§ **Description of the task**: The answer consists solely of the lines running from the one with "Vidéo : Extrait" through the final line below, transcribed exactly and without any pictures.

━━━━

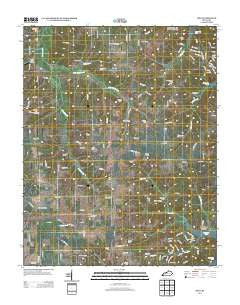 Hico Kentucky Historical topographic map, 1:24000 scale, 7.5 X 7.5 Minute, Year 2013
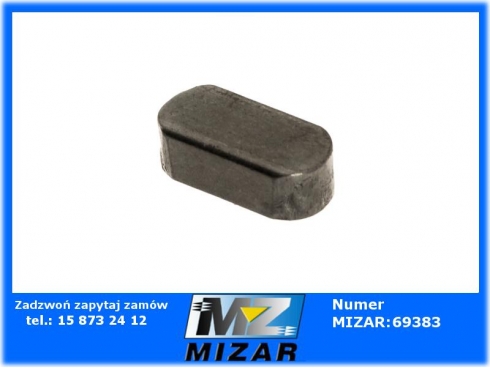 Wpust pryzmatyczny 12x8x25mm Zetor 998026-56023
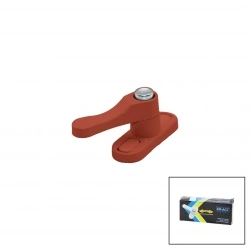 DE-AKS EMN-MK-200 ( METAL & KUTULU & KAHVERENGİ ) ( PİMLİ & DÜĞMELİ ) EMNİYET KİLİT*15X10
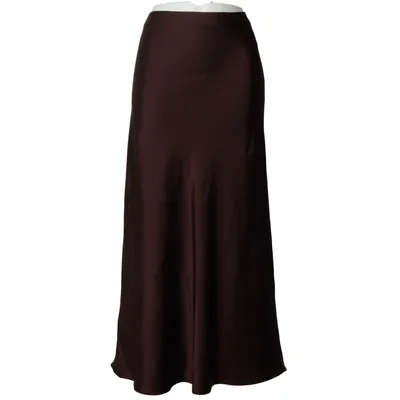 Jupe longue (Marron) de Zara Élasthane, Polyester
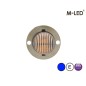 Flitser - M-Led - Undercover Hideaway - 1.6" - 4cm - Helder - 21 flitspatronen - Blauw - 12V-24V Flitser - M-Led - Undercover Hideaway - 1.6" - 4cm - Helder - 21 flitspatronen - Blauw - 12V-24V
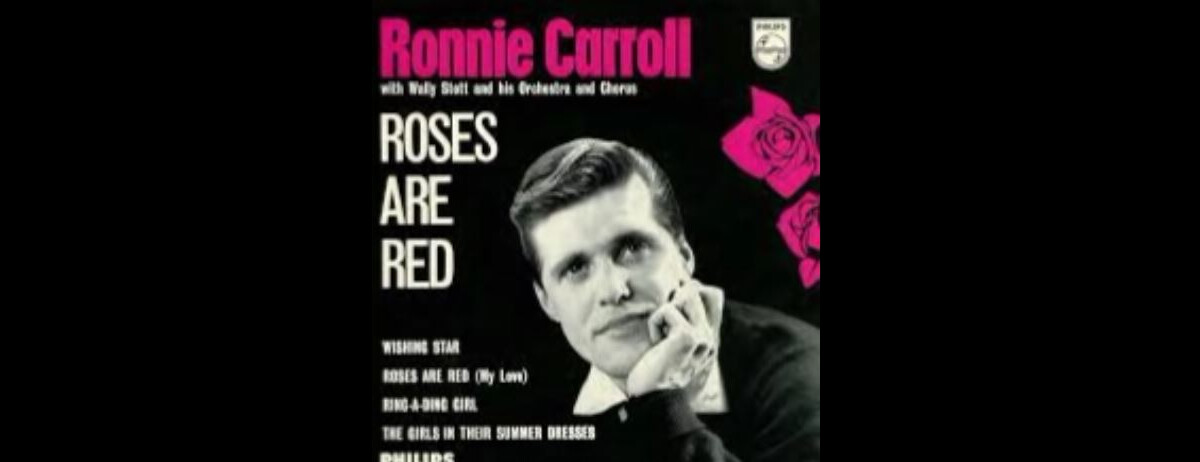 Vidéo : Extrait audio de Roses are red de Ronnie Carroll - Purepeople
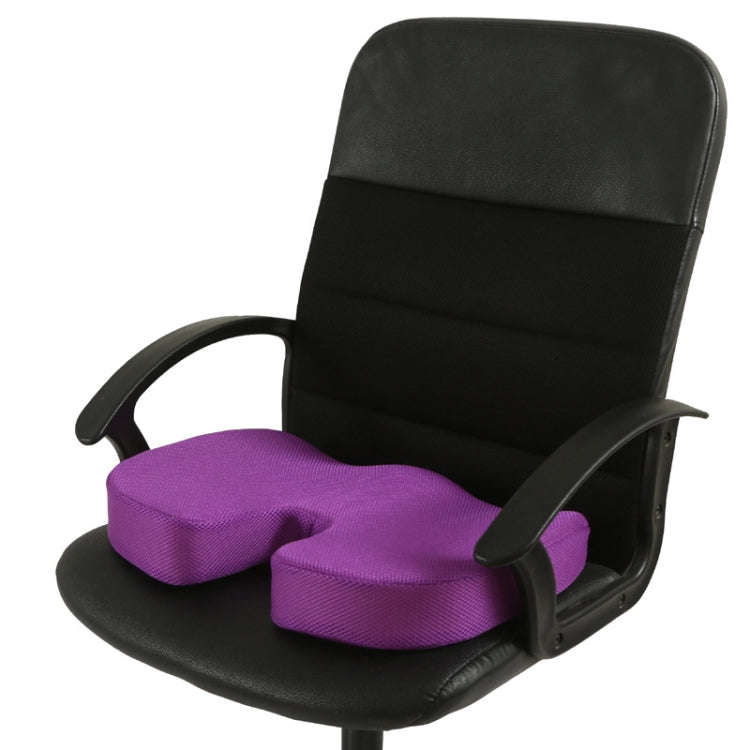 Office Gel Cushion Beauty Buttocks Anti-hemorrhoid Cushion(Mesh Fabric Purple)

━━━━

§ **Exercise answer**:
 Vidéo : Extrait audio de Roses are red de Ronnie Carroll - Purepeople
 Office Gel Cushion Beauty Buttocks Anti-hemorrhoid Cushion(Mesh Fabric Purple)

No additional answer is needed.